Matteo Matzuzzi, dans Il Foglio d'aujourd'hui, reprend l'interview de Tornielli, et la complète.
Parmi les arguments du cardinal Kasper, il relève cette phrase:
On ne peut pas accorder un second mariage, mais - comme disaient les Pères de l'Église - après le naufrage, un radeau pour survivre.

Et il précise:
C'est une question débattue, dès lors que plusieurs personnes - y compris le Père jésuite Crouzel, plus récemment le cardinal Brandmüller et enfin le cardinal Scola, ont observé qu'il n'y a pas de preuve certaine que l'église primitive se comportait de cette façon. Crouzel a même parlé de «fausseté».

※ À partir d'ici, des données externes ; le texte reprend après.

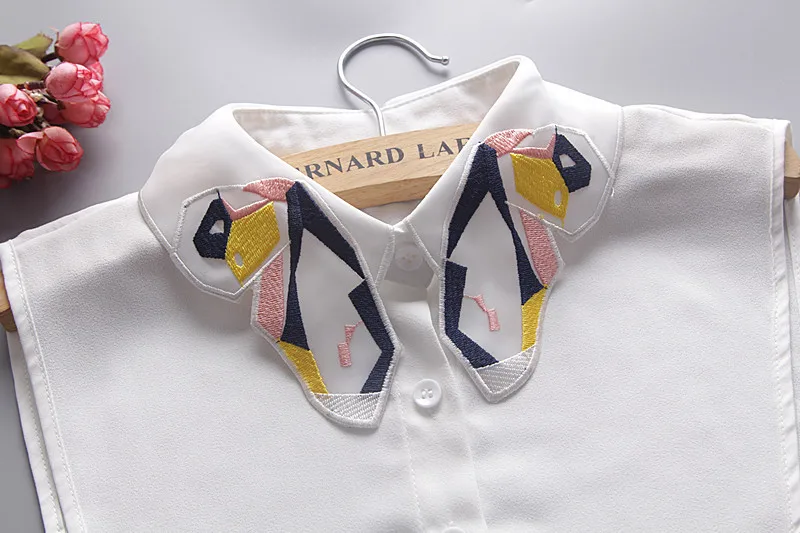 Высокое качество вышитый Цвет Бабочка Кристалл ожерелье жилет рубашка Ретро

Le cardinal Kasper qui se plaint que la phase préparatoire du Synode se passe dans les médias ne se prive pas de faire appel à eux (comme il l'a fait de nombreuses fois ces derniers mois). Il a accordé une autre interviewe, au journal Il Mattino. L'article est en ligne, mais il est en accès payant si on veut le lire en entier.
Toutefois, Matteo Matzuzzi nous en livre les passages importants:

C'est avec Il Mattino que le cardinal se montre presque scandalisé par la publication du livre, dont il ne savait rien: «Le document, ils l'ont envoyé aux journalistes, mais pas à moi» , même si les textes sont déjà connus depuis un certain temps et que la sortie du livre a été annoncée dès le début de l'été, quand Ignatius Press a diffusé la couverture de l'édition américaine.
«Ils me contestent parce qu'ils disent que le document de base est contre la Vérité» , mais «nous sommes tous pour la Vérité ». Et puis, les auteurs de l'essai «prétendent être les seuls à savoir ce qu'est la vérité. Mais la doctrine catholique n'est pas un système fermé», mais plutôt «une tradition vivante qui se développe, comme l'a enseigné le Concile Vatican II. Ils veulent cristalliser la Vérité dans certaines formules».
Kasper accuse ses détracteurs de vouloir une «guerre doctrinale», tandis que lui est d'avis opposé: «Je n'en veux certainement pas. Je pense à un Synode pastoral».
Et c'est ce que veut aussi François, ajoute-t-il: «C'est clair. Le Pape aussi veut un synode pastoral».
Sur le débat actuel, le théologien allemand se dit stupéfait par la tournure qu'a pris la confrontation, «sans allure». Et aussi parce que «aucun de mes collègues cardinaux n'a jamais parlé avec moi. Moi, en revanche, deux fois avec le Saint-Père. J'ai tout convenu avec lui. Il était d'accord. Ils savent que je n'ai pas fait ces choses par moi-même. J"en ai convenu avec le pape, j'ai parlé avec lui deux fois. Il s'est montré content».